Required work:
Please copy exactly the part of the records below that opens with the line containing "Nghiên cứu đề" and closes with the line containing "DIY133245 - 4", leaving out any pictures.

Input records:

Segment Open

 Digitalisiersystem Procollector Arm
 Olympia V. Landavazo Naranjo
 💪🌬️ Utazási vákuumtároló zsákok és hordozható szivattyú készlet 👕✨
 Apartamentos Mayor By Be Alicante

Segment Closed
Segment Open

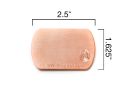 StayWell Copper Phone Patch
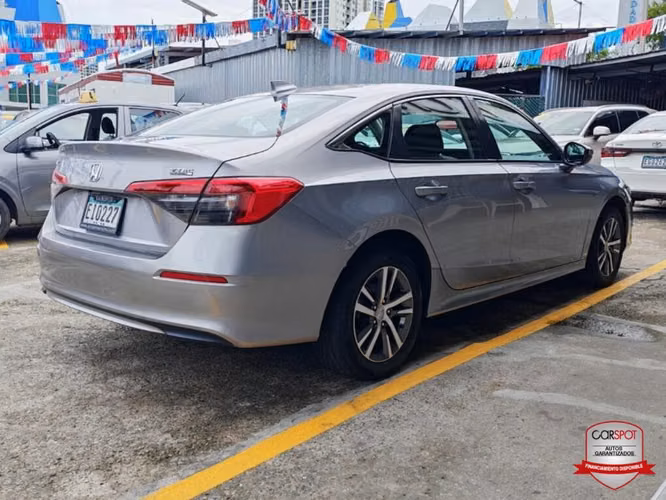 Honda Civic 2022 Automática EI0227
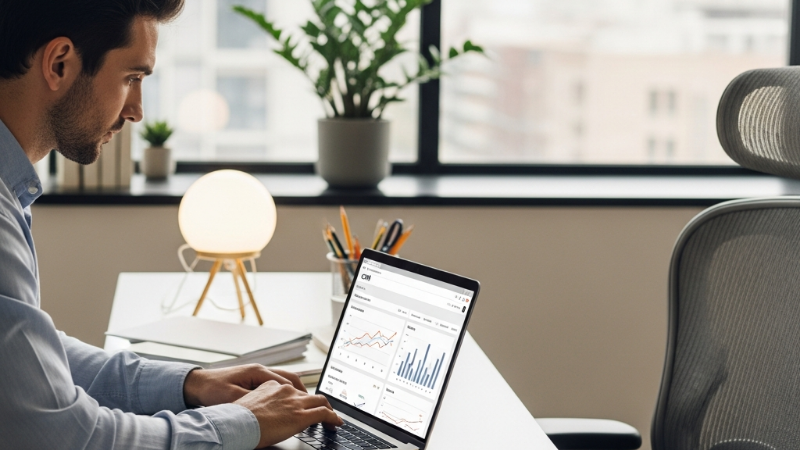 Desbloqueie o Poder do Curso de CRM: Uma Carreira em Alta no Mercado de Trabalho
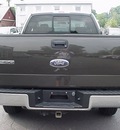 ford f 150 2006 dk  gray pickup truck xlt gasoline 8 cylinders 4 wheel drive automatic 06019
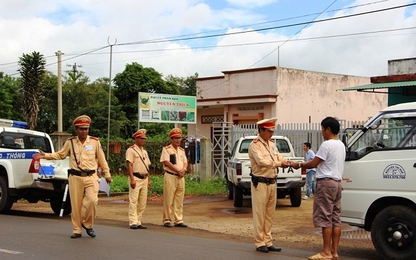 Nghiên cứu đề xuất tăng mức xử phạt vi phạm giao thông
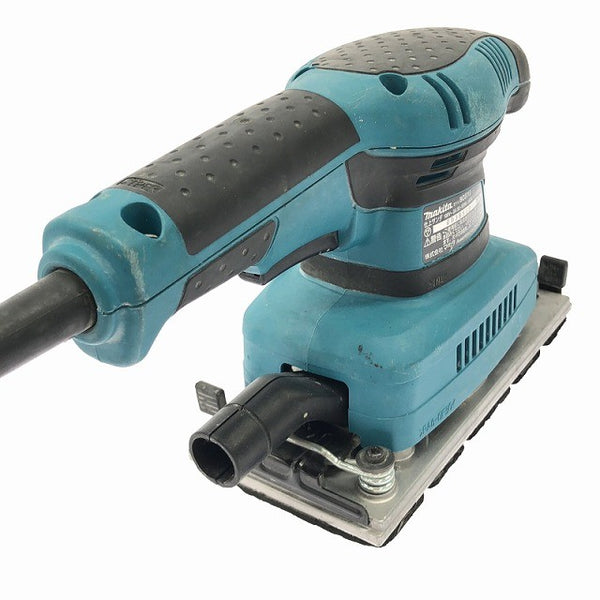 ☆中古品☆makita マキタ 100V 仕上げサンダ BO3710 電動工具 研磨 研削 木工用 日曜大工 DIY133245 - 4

Segment Closed
Segment Open

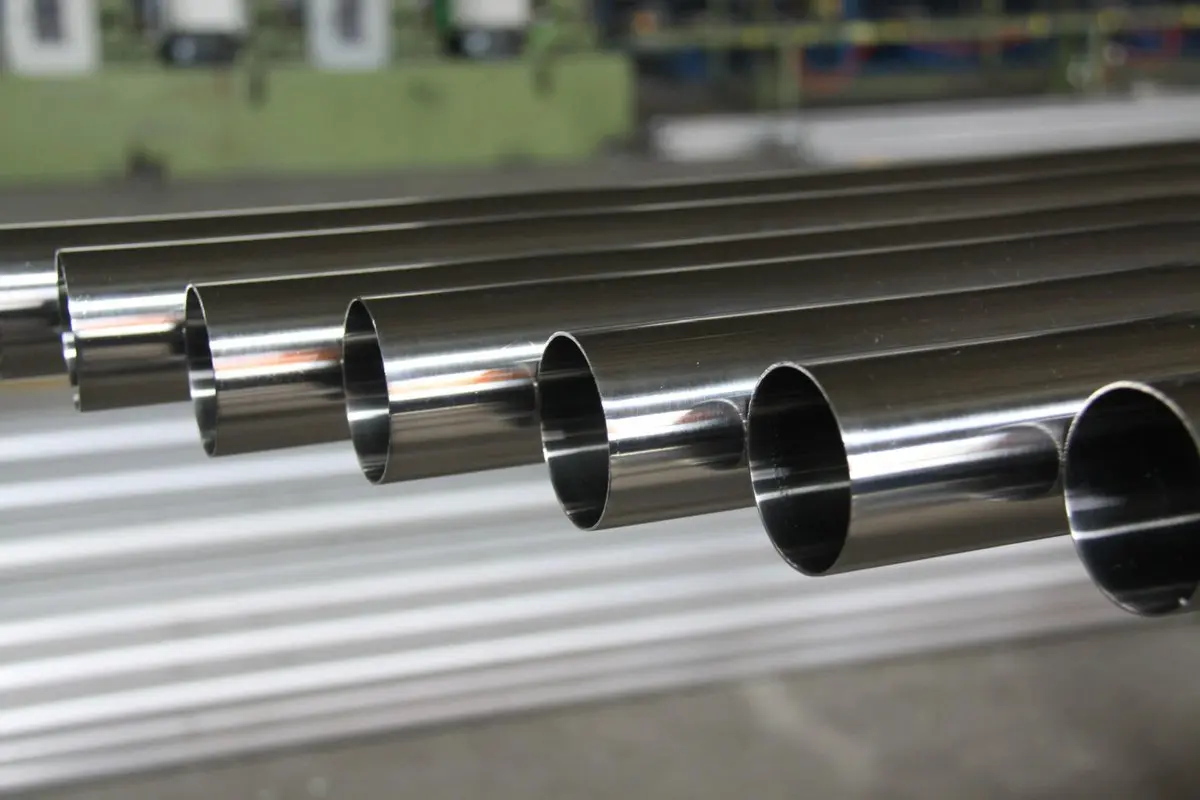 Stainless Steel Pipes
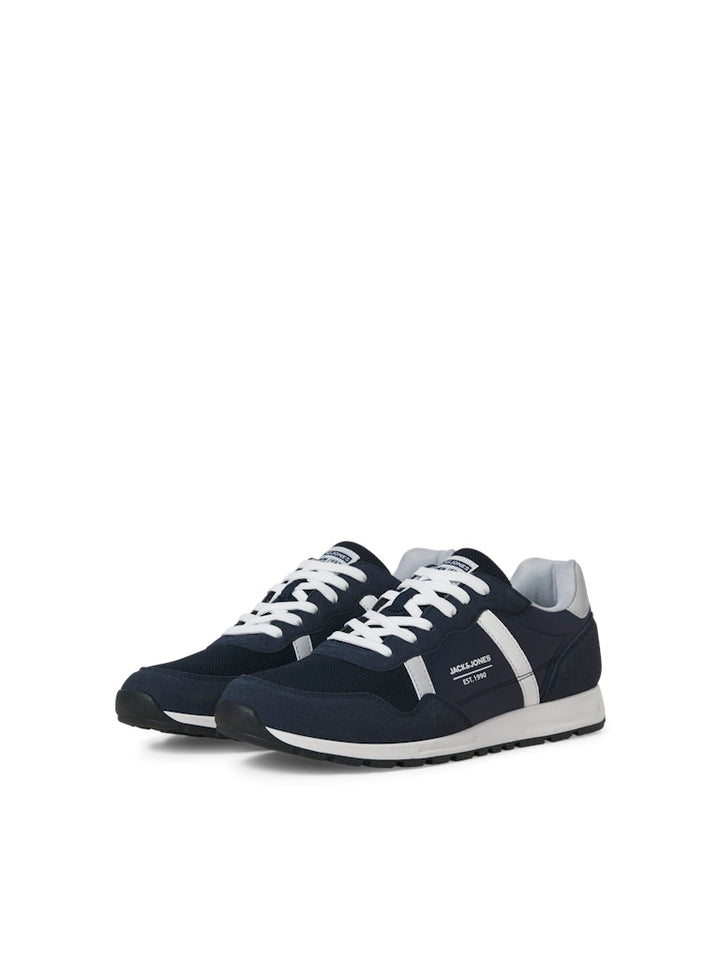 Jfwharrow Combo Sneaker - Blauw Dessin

Segment Closed

Answer space:
 Nghiên cứu đề xuất tăng mức xử phạt vi phạm giao thông
 ☆中古品☆makita マキタ 100V 仕上げサンダ BO3710 電動工具 研磨 研削 木工用 日曜大工 DIY133245 - 4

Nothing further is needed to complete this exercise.